Os materiais a aplicar seriam comprados em nome dos clientes e, de preferência, transportados nos carros deles. Ninguém suspeitaria da compra desse tipo de material no setor da construção civil.

Se, por azar, encontrasse alguns clientes que valessem a pena e exigissem fatura, então, praticaria um ato isolado e resolveria a situação. Se fossem vários a exigir fatura, já tinha combinado com um Técnico Oficial de Contas amigo, que arranjaria um dos seus clientes do ramo para emitir as faturas e a quem depois pagaria os impostos devidos.

Em último caso, ainda lhe restava um grande amigo que não lhe negaria um desses favores, se outros não se disponibilizasse a fazê-lo. Era só acertarem as contas para ele não ter prejuízo com as faturas emitidas por causa dele.

Continuaria naturalmente a cultivar o terreno que herdou dos pais, e a colher os legumes e a criar coelhos e galinhas que tão úteis se mostram na confeção das sopas das crianças e na alimentação da restante família.

Apeteceu-lhe sorrir quando, em plena Pandemia COVID 19, surgiu o convite para os trabalhadores informais passarem a integrar o sistema e a pagar os impostos e a fazer os descontos para a segurança social.

Como biscateiro na área de eletricista nunca sentiu os efeitos da Pandemia: as máquinas continuam a avariar e o setor para que trabalha não parou.

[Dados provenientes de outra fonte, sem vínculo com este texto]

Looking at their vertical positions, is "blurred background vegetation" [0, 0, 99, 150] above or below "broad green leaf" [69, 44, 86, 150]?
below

Continua a viver folgadamente, mas sem sinais exteriores de riqueza que chamem a atenção sobre si e bem à margem do sistema. Ficaria a fazer parte da chamada “Economia Sombra” e das cifras negras.

Afinal de contas, quem melhor do que ele para controlar as poupanças para a velhice? Se tivesse um azar na vida que o incapacitasse, poderia sempre contar com o Estado Social. Contas feitas, ainda contribuiu uns anos para esse sistema, pelo que seria justo que o protegesse quando dele necessitasse…

Palavras: Informal, impostos, fatura, impostos, descontos, poupança, reforma, economia-sombra.